The authorities were so angered by the “outrage at Weardale” that on December 19, the county magistrates asked whether it was possible for troops to be stationed at Stanhope.

On January 11, 1819, they issued warrants for the arrests of six men involved in the battle, but this time, rather than sending in a heavy-handed posse, they adopted a softly, softly approach. Mr Brignal, a Durham City constable was despatched along with the rector of Wolsingham to St John’s Chapel to bring the men to heel.

On April 19, they appeared in court at Durham and pleaded guilty. Their solicitor said how sorry they were and said they were men of previously good character with wives and young children to support.

The chairman of the bench, Rev Nesfield, the rector of Brancepeth, said without their expressions of contrition, he would have imposed a custodial sentence.

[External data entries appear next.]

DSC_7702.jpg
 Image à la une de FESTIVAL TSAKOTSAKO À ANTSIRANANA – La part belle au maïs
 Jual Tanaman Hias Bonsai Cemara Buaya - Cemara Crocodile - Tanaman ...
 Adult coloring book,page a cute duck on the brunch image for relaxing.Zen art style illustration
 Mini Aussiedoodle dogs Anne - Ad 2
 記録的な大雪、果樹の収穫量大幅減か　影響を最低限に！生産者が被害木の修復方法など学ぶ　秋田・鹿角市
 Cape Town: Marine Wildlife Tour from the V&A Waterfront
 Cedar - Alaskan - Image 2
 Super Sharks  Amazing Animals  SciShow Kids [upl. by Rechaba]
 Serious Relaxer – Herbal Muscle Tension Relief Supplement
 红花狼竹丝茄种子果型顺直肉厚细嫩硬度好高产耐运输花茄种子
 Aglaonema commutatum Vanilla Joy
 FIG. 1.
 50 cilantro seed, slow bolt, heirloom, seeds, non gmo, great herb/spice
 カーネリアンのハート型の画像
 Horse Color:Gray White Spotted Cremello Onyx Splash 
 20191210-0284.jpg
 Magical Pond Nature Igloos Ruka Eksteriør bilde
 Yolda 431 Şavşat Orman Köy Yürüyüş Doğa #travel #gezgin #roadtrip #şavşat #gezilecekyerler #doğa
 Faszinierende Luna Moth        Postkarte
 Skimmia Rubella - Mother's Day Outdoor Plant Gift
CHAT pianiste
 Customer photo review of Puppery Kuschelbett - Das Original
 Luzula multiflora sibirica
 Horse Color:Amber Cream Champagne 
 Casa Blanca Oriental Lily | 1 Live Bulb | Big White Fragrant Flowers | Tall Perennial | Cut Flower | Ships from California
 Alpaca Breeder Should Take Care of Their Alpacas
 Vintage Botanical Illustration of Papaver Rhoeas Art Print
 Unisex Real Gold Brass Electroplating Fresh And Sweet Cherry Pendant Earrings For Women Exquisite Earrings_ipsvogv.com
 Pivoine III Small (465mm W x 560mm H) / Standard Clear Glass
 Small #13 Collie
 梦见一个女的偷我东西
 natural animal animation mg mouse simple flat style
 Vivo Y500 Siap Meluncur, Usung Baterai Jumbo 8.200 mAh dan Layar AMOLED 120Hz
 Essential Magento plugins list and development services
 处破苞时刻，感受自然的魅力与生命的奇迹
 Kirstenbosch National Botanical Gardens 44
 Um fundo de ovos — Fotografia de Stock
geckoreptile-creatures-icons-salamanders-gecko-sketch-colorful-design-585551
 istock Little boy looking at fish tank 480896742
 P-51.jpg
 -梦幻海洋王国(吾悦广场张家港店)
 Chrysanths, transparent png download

But as they were sorry, he fined them one shilling each.

He also ordered them to give a surety of £50 of their own money and a further two sureties of £25 from other people which would be returned if they were of good behaviour for the next 12 months.

Five of the six had their sureties ready and were released immediately, and the sixth was let go a couple of days later.

It looks like the authorities quite skilfully defused the situation, fining the men an affordably small amount but placing them in a position where they would lose a huge amount – £100 in 1819 is worth more than £8,000 today, according to the Bank of England’s inflation calculator – if they stepped out of line again.